Most quoted was the Bishop of Manchester (Nigel McCulloch) who accused the (Labour) Government of being "morally corrupt" and "beguiled by money". The bishops of Carlisle, Durham, Hulme and Winchester also piled in with similar gusto.
The Episcopal ego trip has already backfired, and in the longer term may do so even more spectacularly. The Government, normally noted for its obsequiousness to the Church, closed ranks and blew the prelates out of the water. The Sunday Telegraph reported that “privately, senior Government figures [presumably including the Prime Minister] reacted with fury”. A senior source accused the bishops of a “totally unjustified political attack that is unrepresentative of the views of their dwindling congregations.” John McFall, a senior Labour MP and the chairman of the Commons Treasury Committee even went on record to ponder: “I don't know if at the bishops’ palaces there has been too much mulled wine passed around over the past few days.” Undeterred, the Bishop of London has now added similar fuel to the flames and the Archbishop Williams has taken another swipe at the Government in his New Year message.
Albeit these attacks by the Government on the Church were provoked, they are expressed in terms more cutting than the most strident National Secular Society press release. The attacks are unprecedented and are clear evidence of a serious deterioration in the relationship between Church and State. It is a relationship on which the Church is hugely dependent, but its arrogance and self-importance blinds it to this fact. Just a few weeks ago, several Labour MPs, including three former cabinet members, said they wanted the Government to press ahead with disestablishment of the Church. By the look of it, more senior figures may now be prepared to join them.
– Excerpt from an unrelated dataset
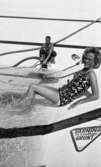Hej Sommar, Bilskola 3 maj 1966

En kvinna i baddräkt sitter på kanten till en simbassäng i Gustavsviksbadet. I bakgrunden syns en man som håller i en vattenpump. Till höger om kvinnan syns en skylt infogad i bassänkanten där det står:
It was not just the Government that derided the prelates’ naïve outbursts. Kelvin McKenzie, former editor of the Sun, really laid into them on BBC1 television, describing what they said as “hot air”. The Church’s representative in the House of Commons Sir Stewart Bell (although admittedly also a Labour MP) went so far as to call it “nonsense”. He and I were on BBC Radio 5 Live for a half hour debate on what the bishops had said. Normally, Sir Stewart and I are fierce opponents, so it was a surreal experience to be on national radio with him united in tearing to shreds bishops of the Church he represents.